Put the question another way… I am intrigued with human innovation. Cars will begin to be self driving. The Tesla uber mode has half way brought us there already. But Google’s new nirvana of self driving automobiles? That’s still years and years out. Will I be there to see that day? Will I be stricken by a plague between now and then? Or stricken by an on-coming car? Both are very real possibilities (one, way more so than the other).

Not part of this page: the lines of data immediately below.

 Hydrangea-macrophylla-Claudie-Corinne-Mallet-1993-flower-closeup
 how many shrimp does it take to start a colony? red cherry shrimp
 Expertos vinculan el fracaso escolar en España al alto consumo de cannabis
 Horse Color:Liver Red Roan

There will always be something that we will be left out of when we die. Possibly the most obvious statement I’ve ever made, and yet, we don’t really consider it because we are too depressed by the thought. But if we allow ourselves to go there, as opposed to avoiding it, we can realistically grapple with the larger purpose and meaning in life that we generally avoid too. Is there purpose? Is there meaning? Is it all an accident? Do I have a place? Why am I here? But in the face of zero answers, it’s safer to avoid the questions all together.

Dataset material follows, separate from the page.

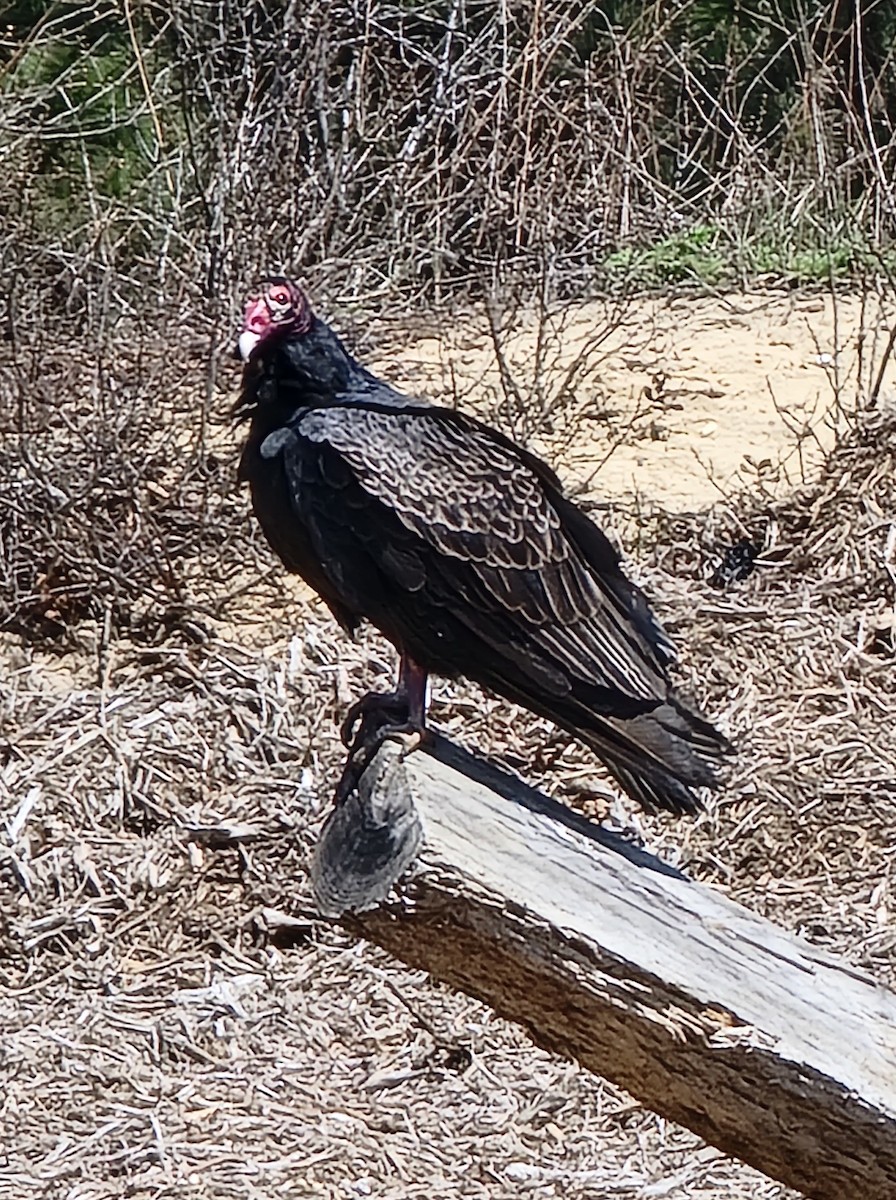 Turkey Vulture - ML435960821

I too had a friend that was a Star Wars fan who has passed away and who, as a result, missed out on Star Wars movies. Only difference? My friend had only seen one of the movies, Star Wars A New Hope, before he passed away at the age of 12. And when he died he had his arms raised to God, whom he said he saw very clearly. When grappling with the questions of the meaning of life it’s difficult to do so without coming off sounding flippant, or worse, pedantic. But so many people when they have these questions about the larger meaning of life, about death, and about the larger meaning of it all… they shove it in a dark cabinet somewhere because they don’t want to ponder it. It’s too much to deal with.
But if we only have one life to live… shouldn’t we grapple with it? Isn’t that a better life lived? At the end of the day. So all that to say, thanks Lucas, for giving me a way to measure the passing of my life in a meaningful way so as to give me perspective on the more important things in this life.